Activity: What follows is a set of records. Retype them exactly, leaving out the pictures.

[Records drawn from a dataset]
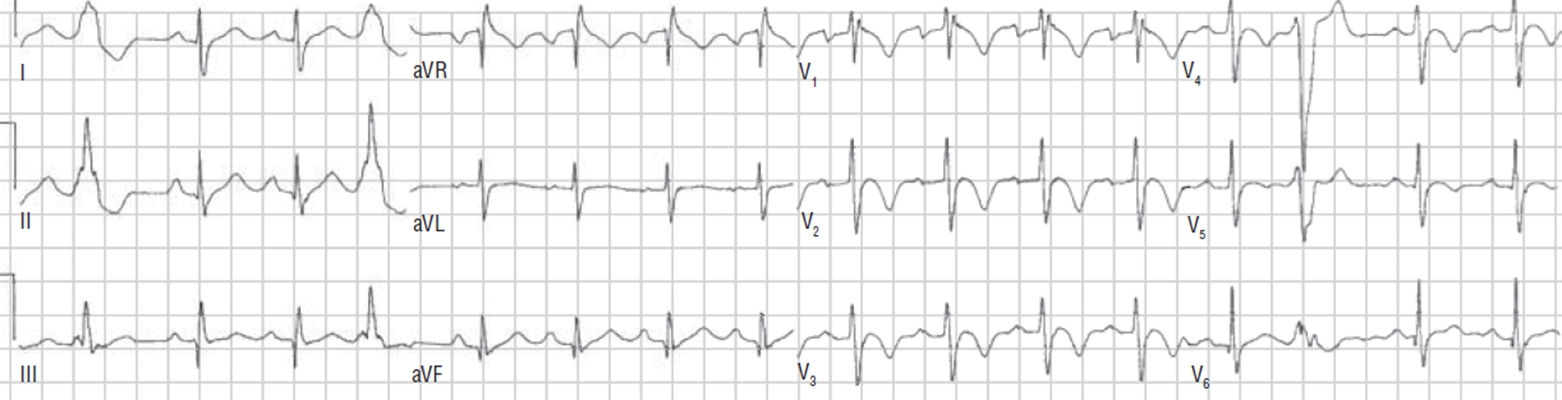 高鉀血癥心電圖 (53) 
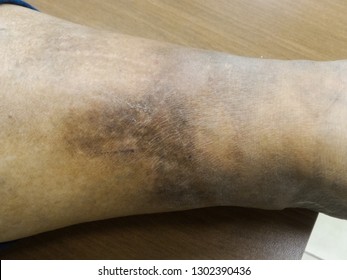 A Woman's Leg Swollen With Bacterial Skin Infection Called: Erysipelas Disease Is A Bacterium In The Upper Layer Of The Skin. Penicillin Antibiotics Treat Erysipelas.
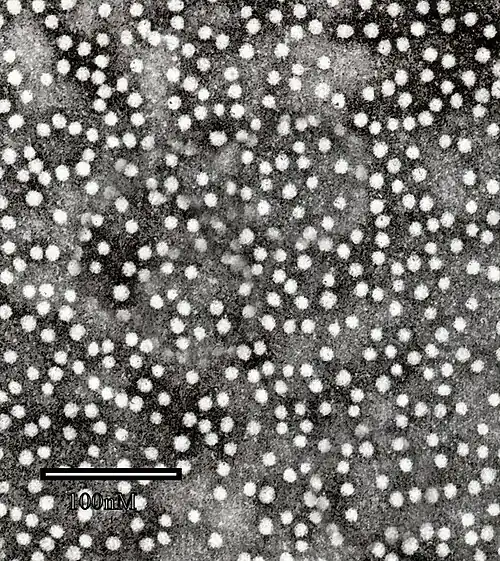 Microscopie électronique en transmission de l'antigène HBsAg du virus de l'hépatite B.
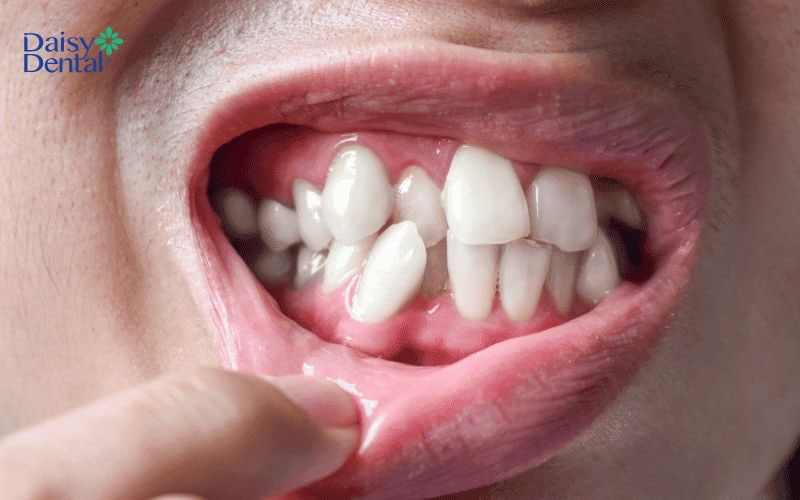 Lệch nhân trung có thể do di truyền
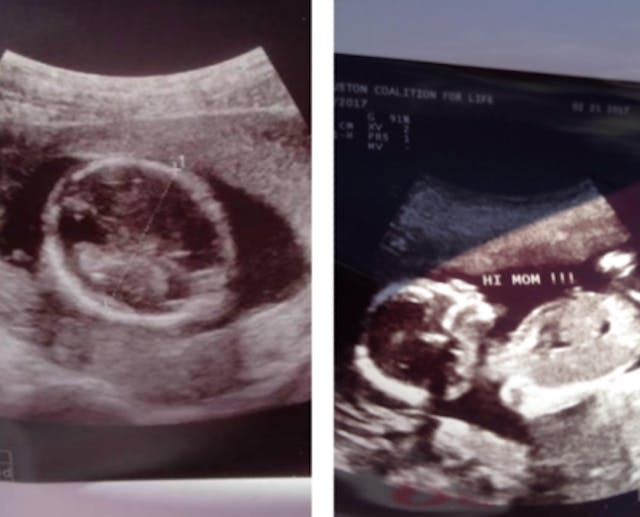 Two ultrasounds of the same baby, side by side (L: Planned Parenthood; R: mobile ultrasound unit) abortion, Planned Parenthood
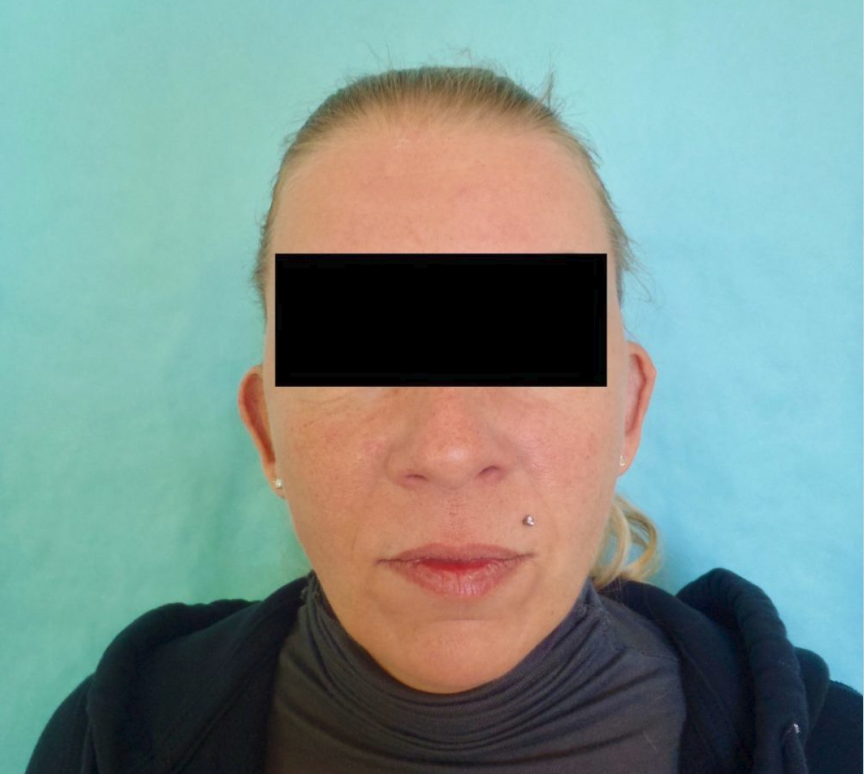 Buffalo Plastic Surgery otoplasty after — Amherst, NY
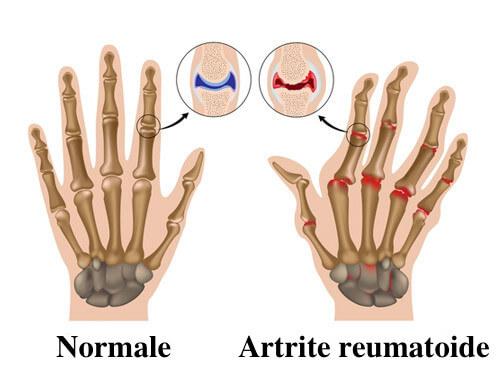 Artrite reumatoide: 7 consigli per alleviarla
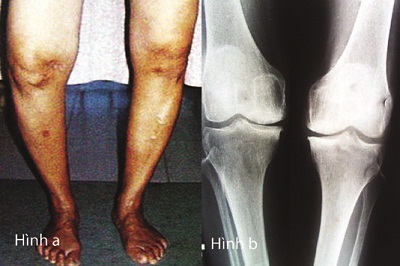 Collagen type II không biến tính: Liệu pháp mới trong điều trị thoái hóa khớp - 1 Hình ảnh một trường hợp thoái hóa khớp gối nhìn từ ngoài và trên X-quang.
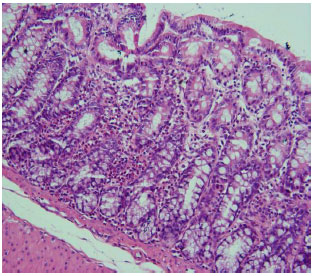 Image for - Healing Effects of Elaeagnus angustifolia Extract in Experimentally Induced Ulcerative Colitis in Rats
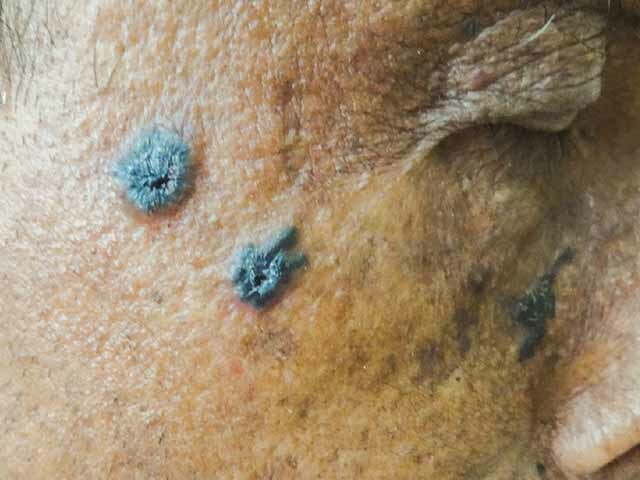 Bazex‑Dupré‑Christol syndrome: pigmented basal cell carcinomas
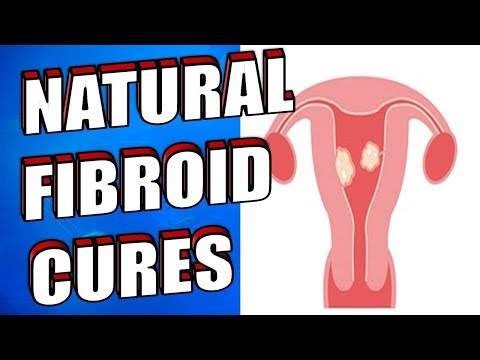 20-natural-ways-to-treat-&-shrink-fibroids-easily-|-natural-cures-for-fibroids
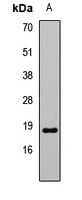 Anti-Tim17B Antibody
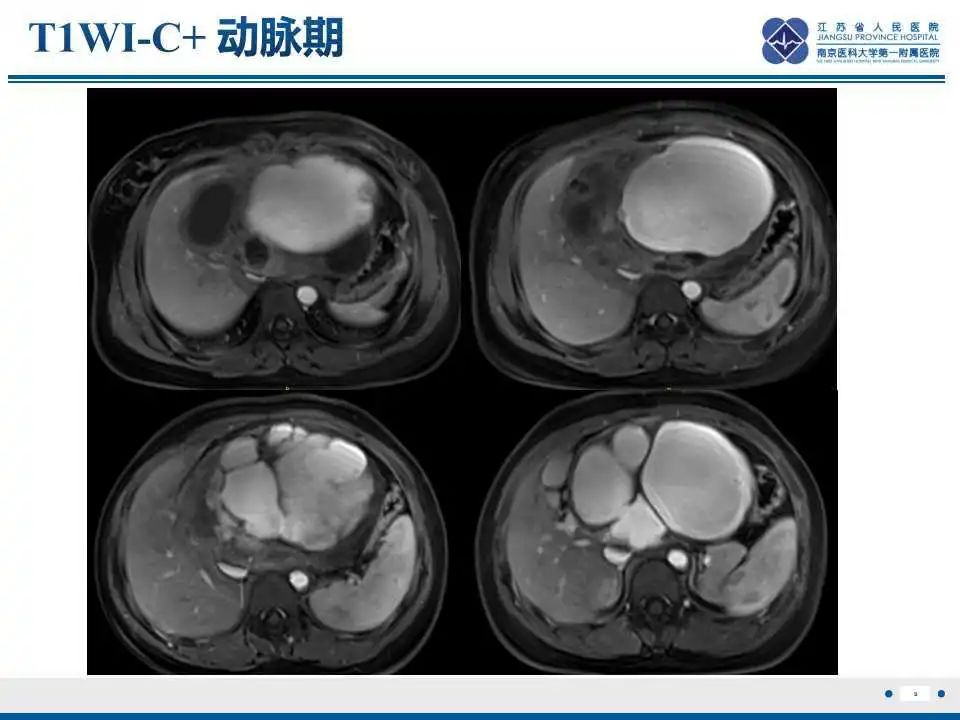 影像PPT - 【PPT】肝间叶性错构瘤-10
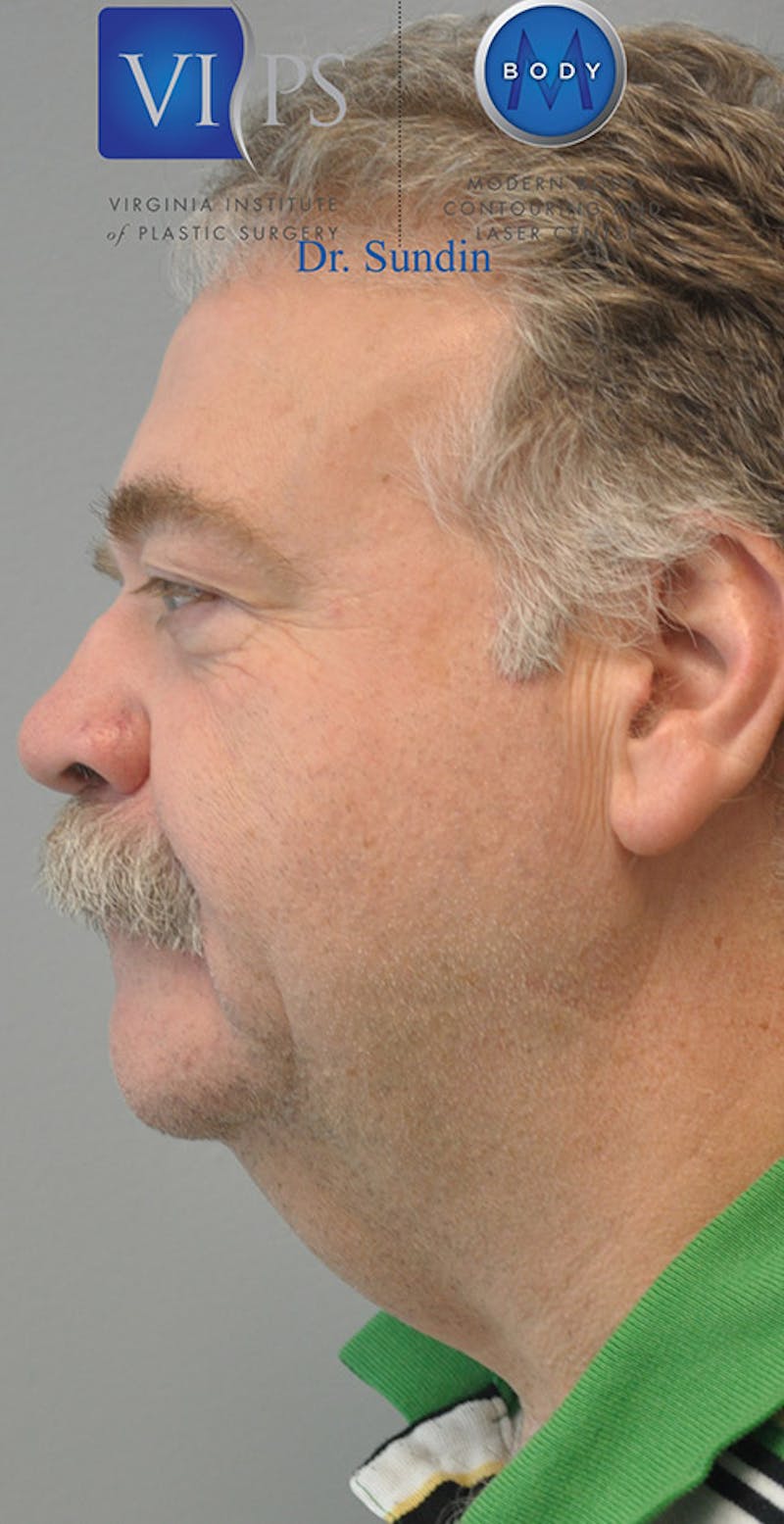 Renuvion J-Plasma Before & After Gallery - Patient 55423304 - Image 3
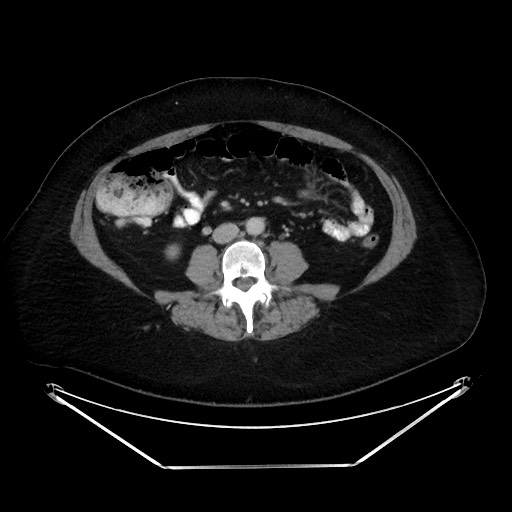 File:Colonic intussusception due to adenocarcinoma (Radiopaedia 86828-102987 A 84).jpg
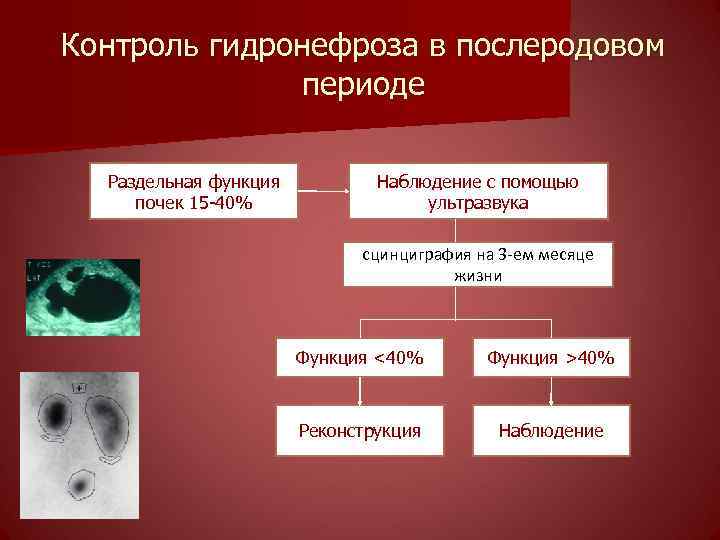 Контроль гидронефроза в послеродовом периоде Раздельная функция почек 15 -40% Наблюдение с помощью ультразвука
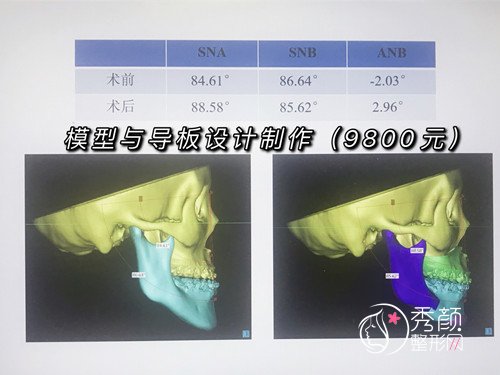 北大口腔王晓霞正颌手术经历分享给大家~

Result of the exercise:
 高鉀血癥心電圖 (53) 
 A Woman's Leg Swollen With Bacterial Skin Infection Called: Erysipelas Disease Is A Bacterium In The Upper Layer Of The Skin. Penicillin Antibiotics Treat Erysipelas.
 Microscopie électronique en transmission de l'antigène HBsAg du virus de l'hépatite B.
 Lệch nhân trung có thể do di truyền
 Two ultrasounds of the same baby, side by side (L: Planned Parenthood; R: mobile ultrasound unit) abortion, Planned Parenthood
 Buffalo Plastic Surgery otoplasty after — Amherst, NY
 Artrite reumatoide: 7 consigli per alleviarla
 Collagen type II không biến tính: Liệu pháp mới trong điều trị thoái hóa khớp - 1 Hình ảnh một trường hợp thoái hóa khớp gối nhìn từ ngoài và trên X-quang.
 Image for - Healing Effects of Elaeagnus angustifolia Extract in Experimentally Induced Ulcerative Colitis in Rats
 Bazex‑Dupré‑Christol syndrome: pigmented basal cell carcinomas
 20-natural-ways-to-treat-&-shrink-fibroids-easily-|-natural-cures-for-fibroids
 Anti-Tim17B Antibody
 影像PPT - 【PPT】肝间叶性错构瘤-10
 Renuvion J-Plasma Before & After Gallery - Patient 55423304 - Image 3
 File:Colonic intussusception due to adenocarcinoma (Radiopaedia 86828-102987 A 84).jpg
 Контроль гидронефроза в послеродовом периоде Раздельная функция почек 15 -40% Наблюдение с помощью ультразвука
 北大口腔王晓霞正颌手术经历分享给大家~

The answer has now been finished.